(Short web captions)
________

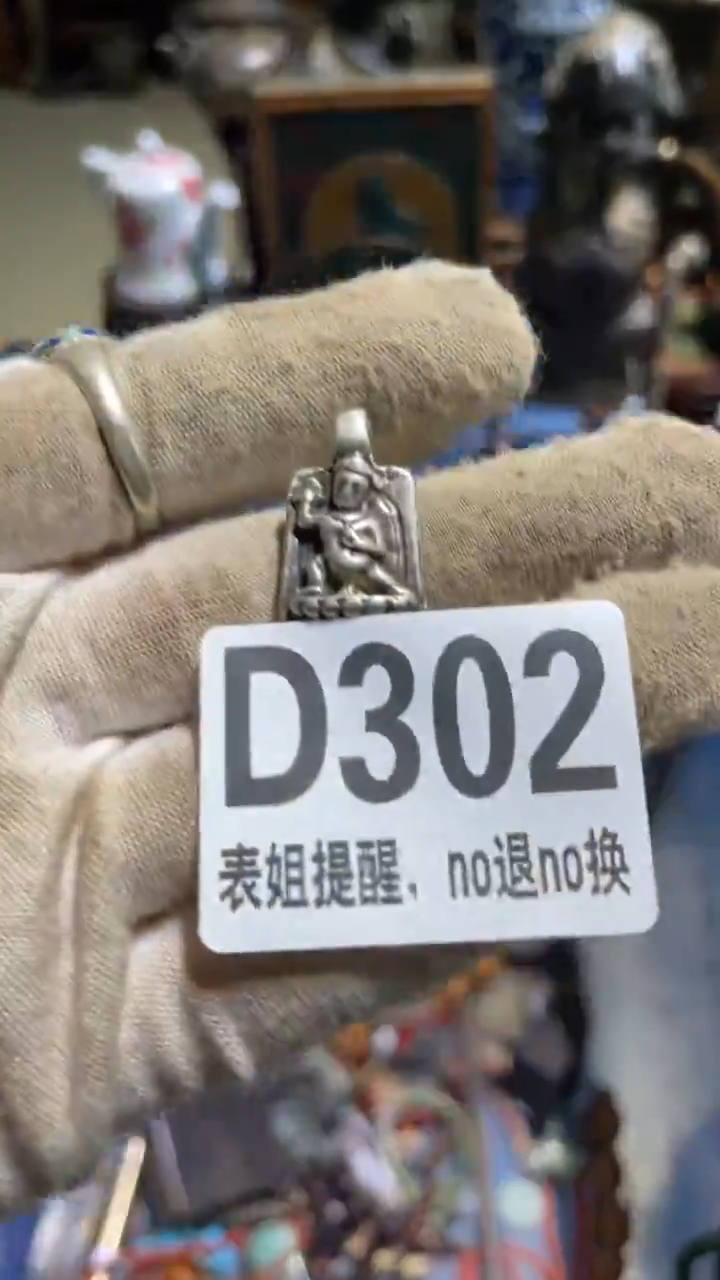 陶瓷柳*儿表姐直播所见所得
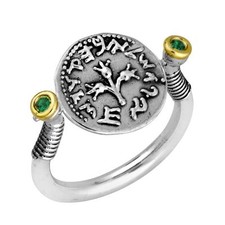 Sterling Silver Gold Green Emerald Gem Half Shekel Coin Rotating Spinning Ring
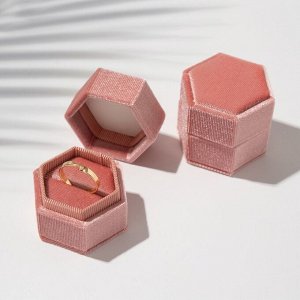 Футляр из корейского бархата под серьги/кольцо «Кристаллик» 5,5x5x4 см, цвет светло-розовый
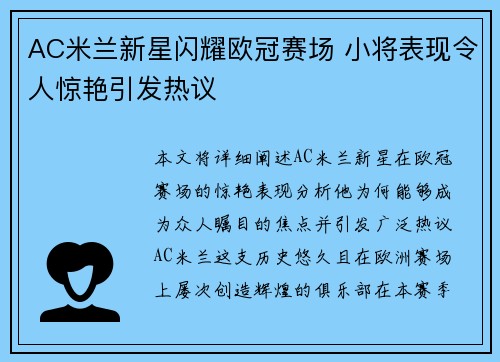 AC米兰新星闪耀欧冠赛场 小将表现令人惊艳引发热议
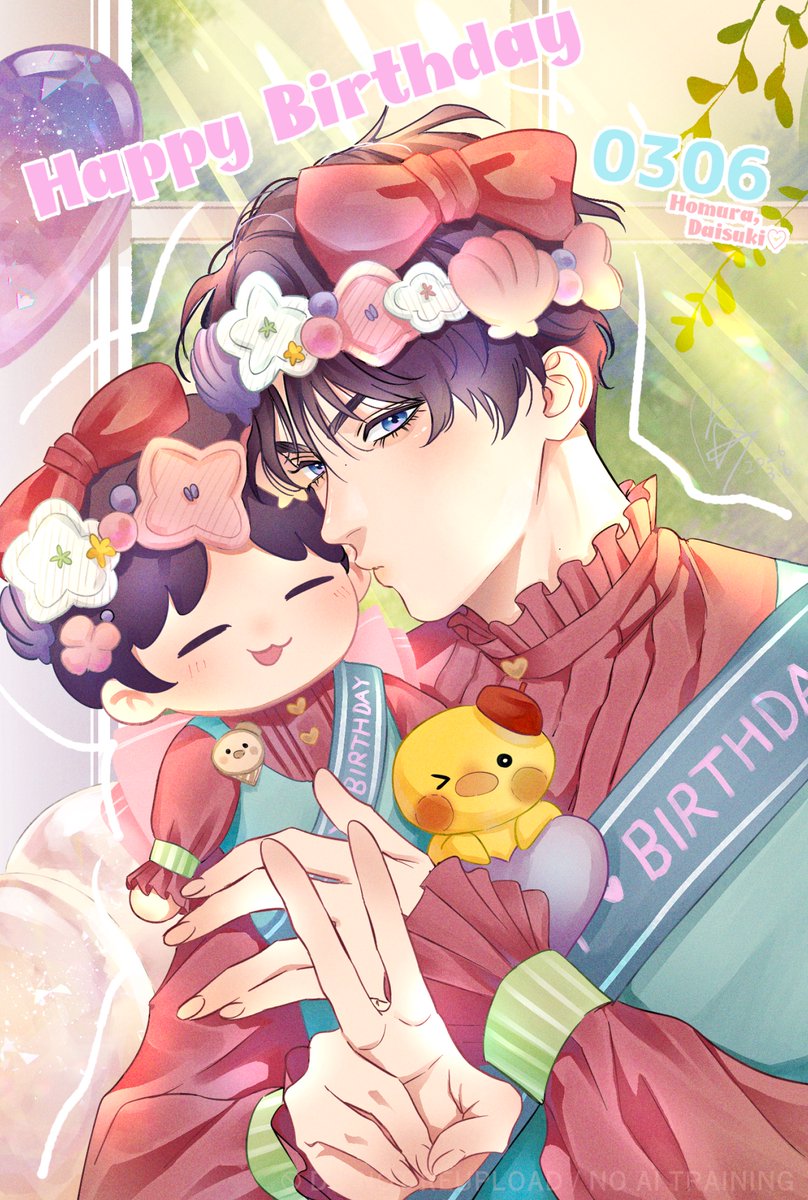 BANANA_NA75's tweet photo. ホムラ誕生日おめでとう🎉
幸せが絶え間なく打ち寄せますように🫧

2026.03.06

#夕晴れに向かってイラスト
#恋と深空 https://t.co/l4InlHI2Nd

________

TASK GOAL:
Make an exact copy of the records above, one that has none of the pictures.

PROBLEM SOLUTION:
 陶瓷柳*儿表姐直播所见所得
 Sterling Silver Gold Green Emerald Gem Half Shekel Coin Rotating Spinning Ring
 Футляр из корейского бархата под серьги/кольцо «Кристаллик» 5,5x5x4 см, цвет светло-розовый
 AC米兰新星闪耀欧冠赛场 小将表现令人惊艳引发热议
 BANANA_NA75's tweet photo. ホムラ誕生日おめでとう🎉
幸せが絶え間なく打ち寄せますように🫧

2026.03.06

#夕晴れに向かってイラスト
#恋と深空 https://t.co/l4InlHI2Nd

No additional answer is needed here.